The other day I ran into two rants against PGP, What's the matter with PGP?, which still is relatively reasonable, and then the raving PGP Problem by people running a security consulting shop called Latacora. It's this second diatribe that made me write this post, because the amount of badmouthing of PGP done there, on the blog of a company promising to teach startups “security“ on top, is not only unwarranted, it's also actively damaging to meaningful encryption.
Let me start with what I think are the fundamental fallacies of the Latacora folks is: They seem to think that identity, and hence key management, is something that others can do for you, and that thinking about crypto is “bad user experience“. In contrast, I'd argue that crypto you don't notice isn't crypto at all (but instead somewhere on the obfuscation spectrum), and that identity management done by others is equivalent to them encrypting for you.
You see, if you're encrypting something, you're encrypting it for someone.
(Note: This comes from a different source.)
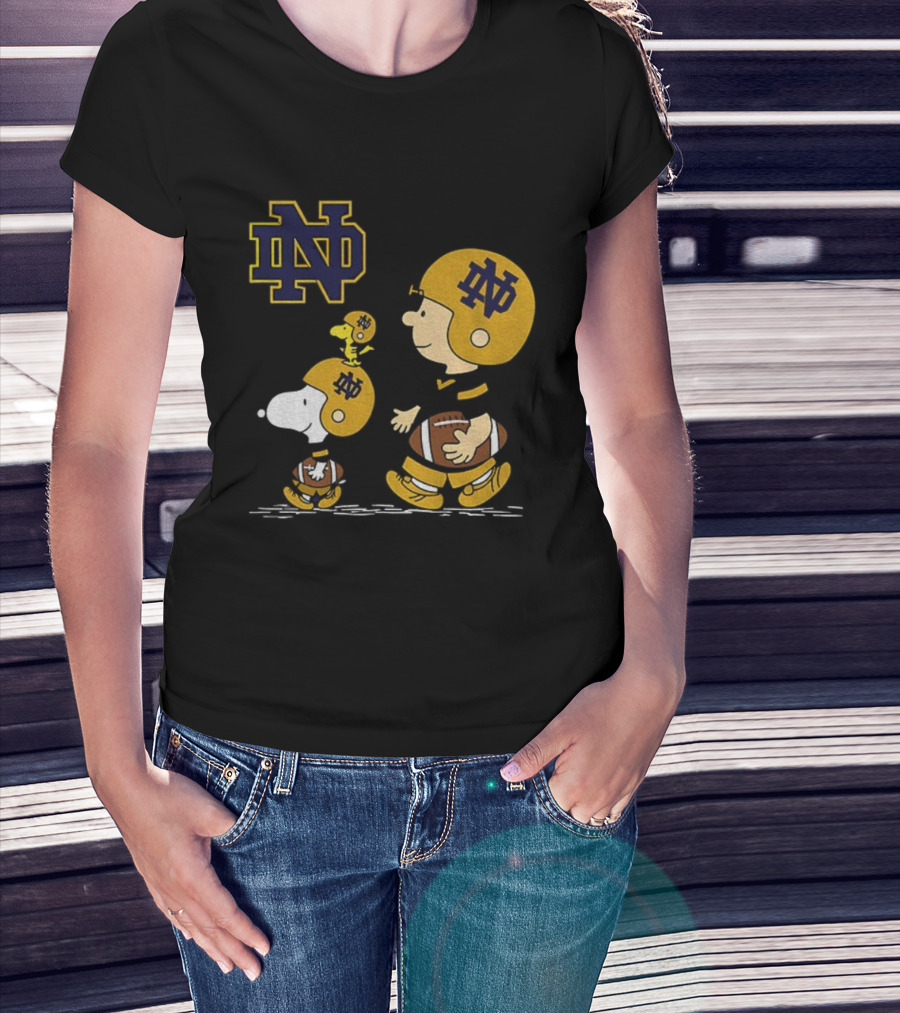 Snoopy Peanuts Notre Dame Fighting Irish Football 2025 Fan Collection T-Shirt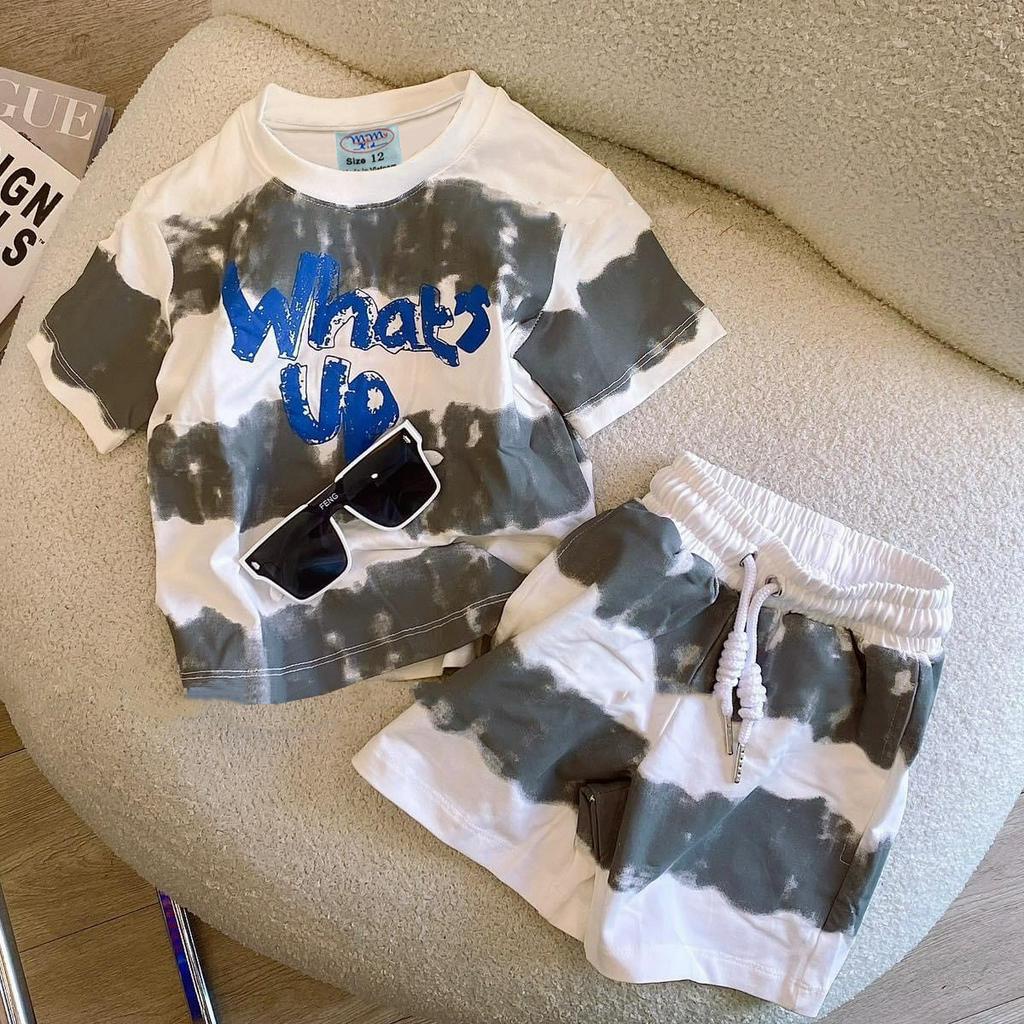 Đồ bộ bé trai vải thun quần lửng hiệu MIMYKID in chữ Whats Up quần áo trẻ em - LMSP-B10TH1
In public key encryption, this “someone“ has two aspects: a real-world entity (your friend, a bank, whatever), and a public key. Any crypto system that does not make this separation transparent and asks you the question of how well you think the two things match (and whether you care), is fundamentally broken. That's because that question plainly has to be answered. If it's not you who answers it, it's someone else. And hence that someone else is free to change the mapping from key to real-world entity, and hence they determine which real-world entity gets to read what you've encrypted.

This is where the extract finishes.